Insolvency Service slams brakes on near-£1m dealership scam

Time 5:57 pm, September 19, 2017

THE director of a car dealership in Bangor has been disqualified for 10 years after scamming members of the public out of nearly £1 million.

Gwyn Merion Roberts’ company – Menai Vehicle Solutions Limited – took money from customers but then failed to provide the vehicles that had been paid for. It also failed to pay customers for vehicles sold on their behalf, said the Insolvency Service today.

The dealership, which was formed in 2008 and operated from premises at Intec Parc Menai, Bangor, went into liquidation on October 21, 2015 owing at least £1.25m to customers and other creditors.

An investigation by the service concluded that Menai sold new vehicles to members of the public for less than it cost to buy them from dealers. This encouraged new custom but led to Menai becoming unable to meet its liabilities, resulting in new customer deposits being used to finance the purchase of vehicles for older customers.

The business model was unsustainable, said the service, and Menai either failed to provide vehicles to customers after taking payment for them or failed to forward funds to customers after selling vehicles on their behalf, resulting in losses to at least 40 members of the public totalling at least £969,011.

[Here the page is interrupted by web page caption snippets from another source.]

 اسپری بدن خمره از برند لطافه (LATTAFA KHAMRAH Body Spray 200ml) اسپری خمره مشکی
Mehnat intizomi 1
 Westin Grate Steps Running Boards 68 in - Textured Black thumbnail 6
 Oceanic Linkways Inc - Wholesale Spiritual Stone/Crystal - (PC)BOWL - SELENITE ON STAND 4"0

In several cases, 48-year-old Roberts provided banking documents to customers, showing payments had been instructed to car dealers for the purchase of the vehicle they had ordered, only to subsequently revoke the instruction.

The disqualification order means that without specific permission of a court, Roberts cannot act as a director of a company, take part – directly or indirectly – in the promotion, formation or management of a company or limited liability partnership, or be a receiver of a company’s property for 10 years, effective from September 5, 2017.

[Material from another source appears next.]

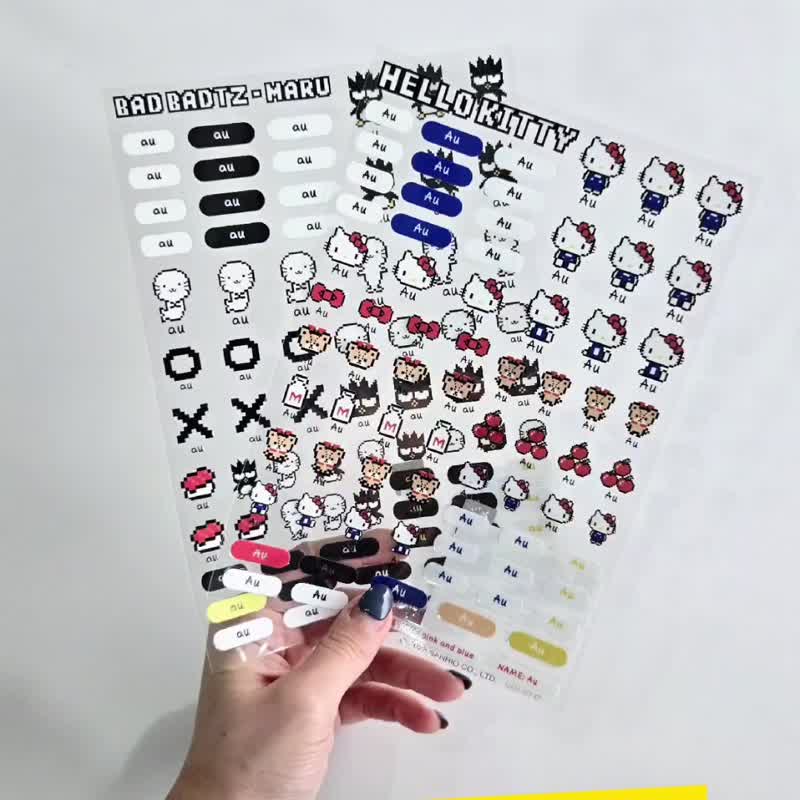 Pink and Blue × Sanrio 三丽鸥联名立体姓名贴纸 Hello Kitty - 贴纸 - 其他材质 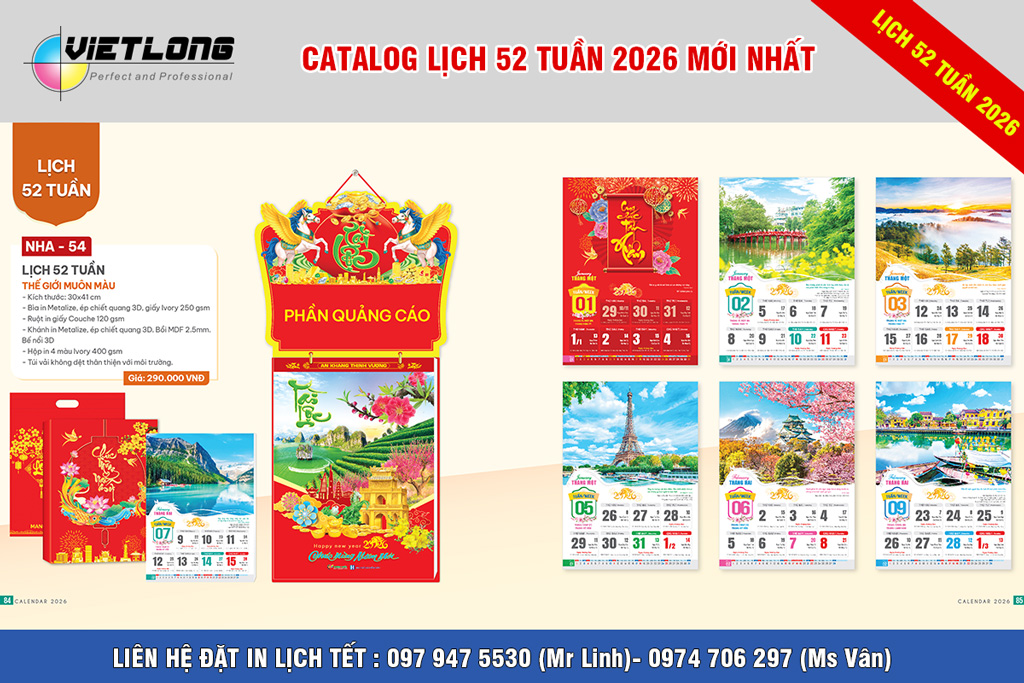 Mẫu lịch Tết 52 tuần 2026 Bính Ngọ - thế giới muôn màu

Commenting on the disqualification, Robert Clarke, chief investigator at the Insolvency Service, said: ‘This is an unfortunate case in which members of the public suffered significant losses as a consequence of the inexcusable financial practices adopted by Mr Roberts.

‘The lengthy period of disqualification is testament to how seriously the Insolvency Service views this misconduct. The Insolvency Service will not hesitate to act where members of the public have lost out as a result of malpractice leading to insolvency.’